What to produce >> A word-for-word transcript of the closing lines is required: from the one with "22423 Bauer Canyon Drive, Hockley, TX 77447" through the final line of the data.

Data for processing >>
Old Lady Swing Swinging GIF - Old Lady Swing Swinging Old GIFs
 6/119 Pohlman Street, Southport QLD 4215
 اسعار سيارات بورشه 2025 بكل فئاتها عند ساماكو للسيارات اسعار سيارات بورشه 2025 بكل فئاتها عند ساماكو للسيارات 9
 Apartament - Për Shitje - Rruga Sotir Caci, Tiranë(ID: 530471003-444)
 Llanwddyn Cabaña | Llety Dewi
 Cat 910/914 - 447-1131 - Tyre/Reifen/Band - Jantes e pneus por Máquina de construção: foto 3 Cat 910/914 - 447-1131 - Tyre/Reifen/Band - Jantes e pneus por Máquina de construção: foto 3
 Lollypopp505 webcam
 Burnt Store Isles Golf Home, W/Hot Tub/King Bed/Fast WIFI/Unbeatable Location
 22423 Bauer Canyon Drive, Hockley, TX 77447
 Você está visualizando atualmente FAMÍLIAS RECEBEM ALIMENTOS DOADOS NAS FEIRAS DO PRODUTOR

Exercise output >>
 22423 Bauer Canyon Drive, Hockley, TX 77447
 Você está visualizando atualmente FAMÍLIAS RECEBEM ALIMENTOS DOADOS NAS FEIRAS DO PRODUTOR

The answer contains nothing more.